ポンド円のトレンドを月足チャートで確認すると、2020年3月の安値124.08レベルを起点としたサポートラインを形成しながら、フィボナッチ・リトレースメント61.8%の水準(2015年6月の高値195.88レベルと2016年10月の安値123.04レベル)を難なく突破している。
10日MA(今日現在172.22レベル)が短期のサポートラインとして意識されている状況も考えるならば(一番下の日足チャートを参照)、2015年1月から4月にかけて相場をサポートし、かつ翌年の2月にレジスタンスへ転換した経緯のある175.00レベルをトライするかどうか?ポンド円の上昇局面では、この点を意識したい。
ポンド円が175.00レベルを上方ブレイクした後、反落の局面でこの水準(175円)の維持に成功する場合は、フィボナッチ・リトレースメント76.4%の水準178.69レベルを上限と想定し、新たなレジスタンスの水準を探る展開が続くと予想する。
ポンド円のチャート
反落局面での焦点は?
一方、ポンド円(GBPJPY)が反落する局面では168円レベル(フィボナッチ・リトレースメント38.2%の水準)を下限と想定し、まずは10日MAの維持に成功するかどうか?この点が焦点となろう。この移動平均線は今日現在、172.20台まで上昇している。

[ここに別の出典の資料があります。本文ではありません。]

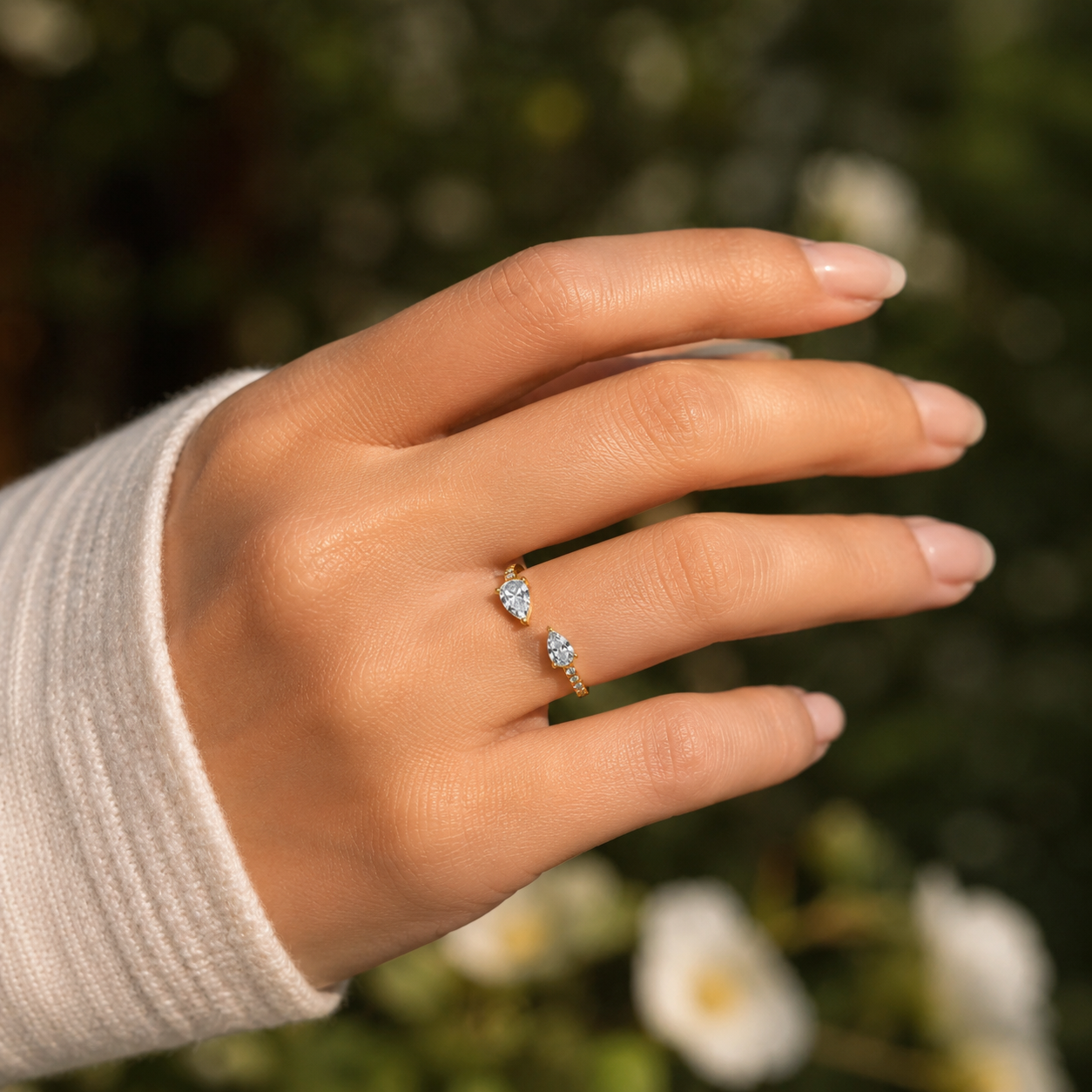 18K gold pear shape diamond luxury ring on hand outdoor lifestyle view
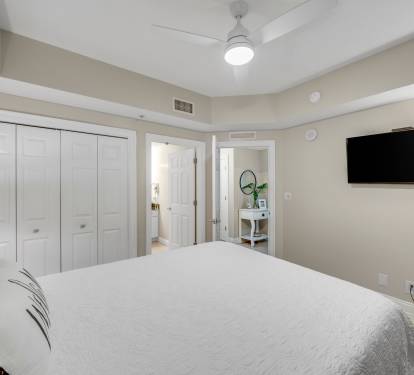 Bedroom with large TV and DirecTV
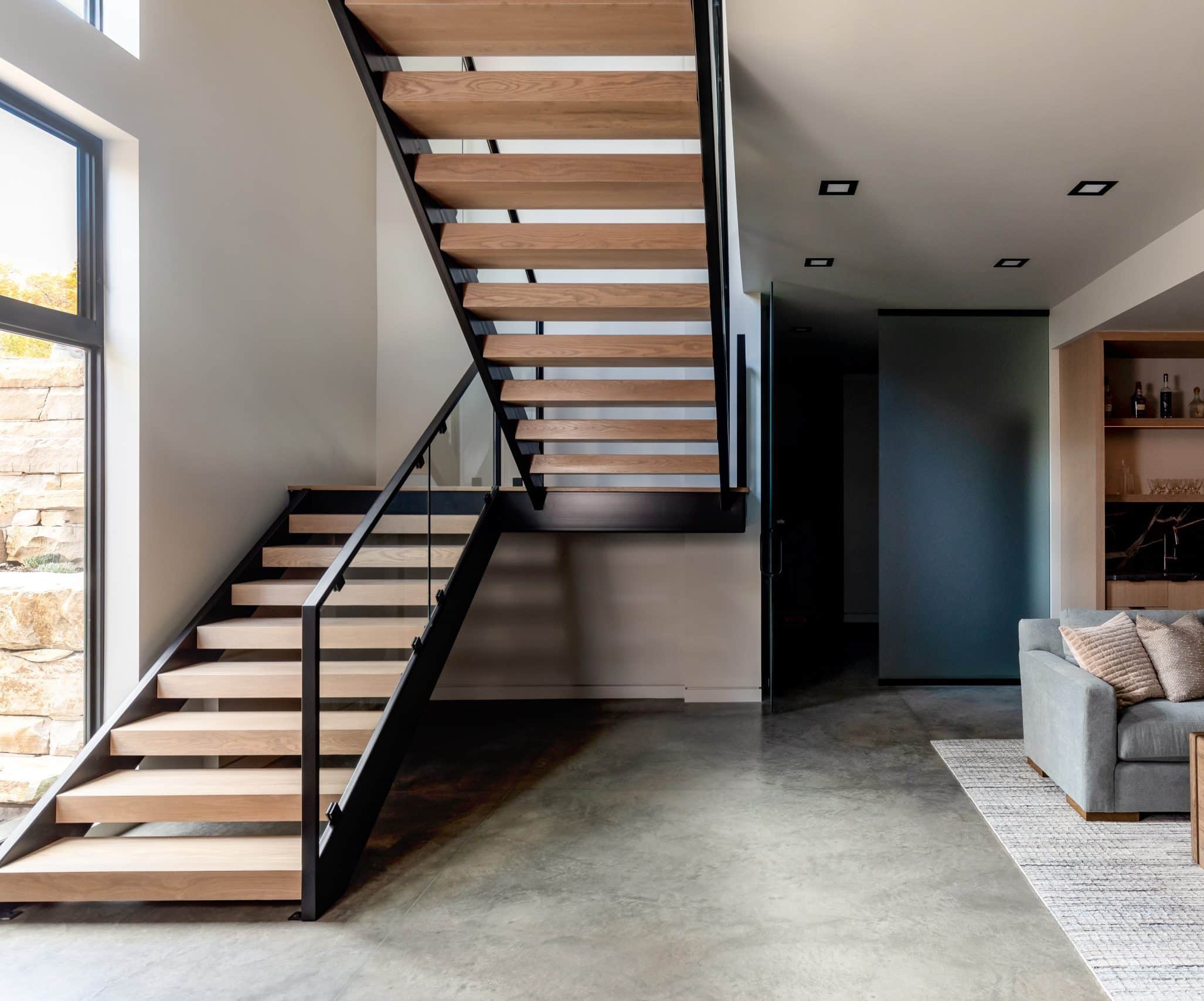 The finished great room with a floating oak-and-steel staircase over a polished concrete floor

ポンド円が10日MAを下方ブレイクする場合、次の焦点は171.20レベルの維持となろう。この水準では、レジスタンスからサポートへの転換が確認されている。
今日現在、21日MAが171.00付近まで上昇している。ポンド円の上昇トレンドが続けば、21日MAは171.20レベルへ近づくだろう。相場をサポートした経緯のあるこの移動平均線の上昇基調も考えるならば、171.20レベルを重要なサポートポイントとして意識しておきたい。
ポンド円の下落幅が拡大し170円台の攻防へシフトする場合は、フィボナッチ・リトレースメント23.6%の水準170.26レベルまで下落幅が拡大する展開を警戒したい。この水準(170.26レベル)をトライする場合は、170円台を維持できるかどうか?を見極める攻防となろう。
ポンド円が170円割れとなれば、下限の168.00レベルを視野に下落幅の拡大を警戒したい。